Mortis causa: cada uno de los cónyuges podrá disponer libremente, y por testamento, de la mitad de los bienes gananciales (artículo 1379 del Código Civil). Se trataría de disponer anticipadamente de la parte de los bienes gananciales que le pudieran corresponder, desplegando sus efectos a la muerte del cónyuge disponente.

Estudiada la regla general de actuación conjunta de los cónyuges o uno con el consentimiento del otro, tanto para la administración como para la disposición de los bienes gananciales, el artículo 1322 del Código Civil, concreta que aquellos actos realizados por uno sólo de ellos, sin la autorización o consentimiento del otro podrán ser anulados, por el cónyuge cuyo consentimiento no hubiera sido concedido. La acción de anulabilidad tiene un plazo de caducidad de cuatro años, a contar desde el día de la disolución de la sociedad conyugal o del matrimonio, salvo que antes hubiese tenido conocimiento suficiente de dicho acto o contrato.

En los casos de actos de disposición a título gratuito, el acto de este modo efectuado, no será anulable, sino nulo de pleno derecho.

Relevante resulta el contenido de los artículos 1390 y 1391 del Código Civil, el primero de ellos porque sanciona el acto de administración o disposición llevado a cabo por uno sólo de los cónyuges, cuando éste hubiera obtenido un beneficio o lucro exclusivo para él, o hubiera causado dolosamente un daño a la sociedad, comportando dicha actuación que será deudor de la sociedad por el importe, bien del beneficio obtenido, bien del daño producido.
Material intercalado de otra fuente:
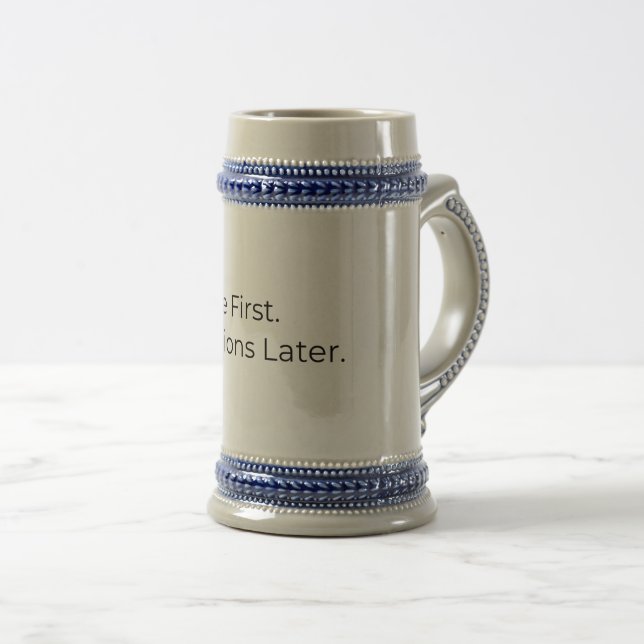 Taza de humor de oficina con decisiones primero ca (Anverso derecho)
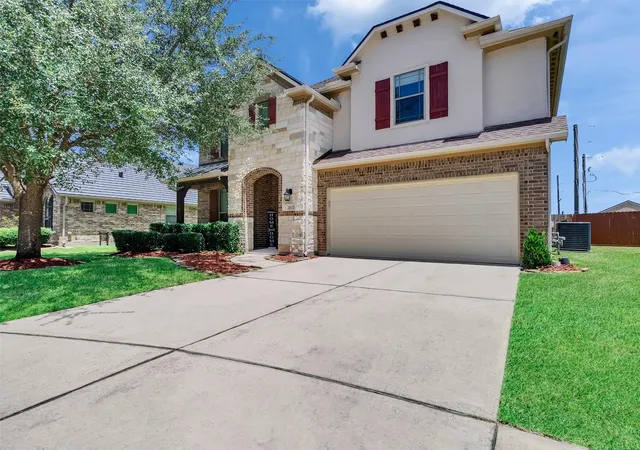 Photo 4 of Single family home for sale at 26133 Gallant Knight Ln, Kingwood, TX 77339 | MLS# 18349010 | Listing updated on 2026-09-19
El segundo precepto reseñado, establece que cuando el cónyuge hubiera hecho un acto en fraude de los derechos de su consorte, no sólo se aplicarán los efectos contenidos en el artículo anterior, esto es, en el artículo 1390 CC, sino también que si el adquirente hubiera procedido de mala fe, el acto será también rescindible.

¿Cuándo se disuelve la sociedad?

Según lo contenido en el artículo 1392 del Código Civil, modificado por la ley 15/2015, las causas de disolución ipso iure o de pleno derecho son:

  • 1. Cuando se disuelva el matrimonio.
  • 2. Cuando sea declarado nulo.
  • 3. Cuando se acuerde la separación legal de los cónyuges.
  • 4. Cuando los cónyuges convengan un régimen económico distinto en la forma prevenida en este Código (Véase "Disolución y liquidación de gananciales")

Recuerde que...

  • La sociedad de gananciales es el régimen económico matrimonial en el que se hacen comunes entre los cónyuges las ganancias obtenidas durante la vigencia del matrimonio.
  • Los cónyuges continúan manteniendo como privativos los bienes que tuvieran antes del matrimonio; los que obtuvieran durante el matrimonio a cambio de otros privativos; las edificaciones y mejoras realizadas en bienes privativos; y los bienes personalísimos como indemnizaciones o las ropas y objetos de uso personal.
  • La sociedad responderá de las obligaciones contraídas por los dos cónyuges conjuntamente o por uno de ellos con el consentimiento expreso del otro; y de las contraídas por uno en el ejercicio de la potestad doméstica o de su profesión.
  • La administración y disposición de los bienes podrá realizarse bien por ambos cónyuges conjuntamente, bien por uno de ellos con el consentimiento del otro.
  • La sociedad se disuelve por divorcio, nulidad, separación legal o por convenir un régimen económico distinto.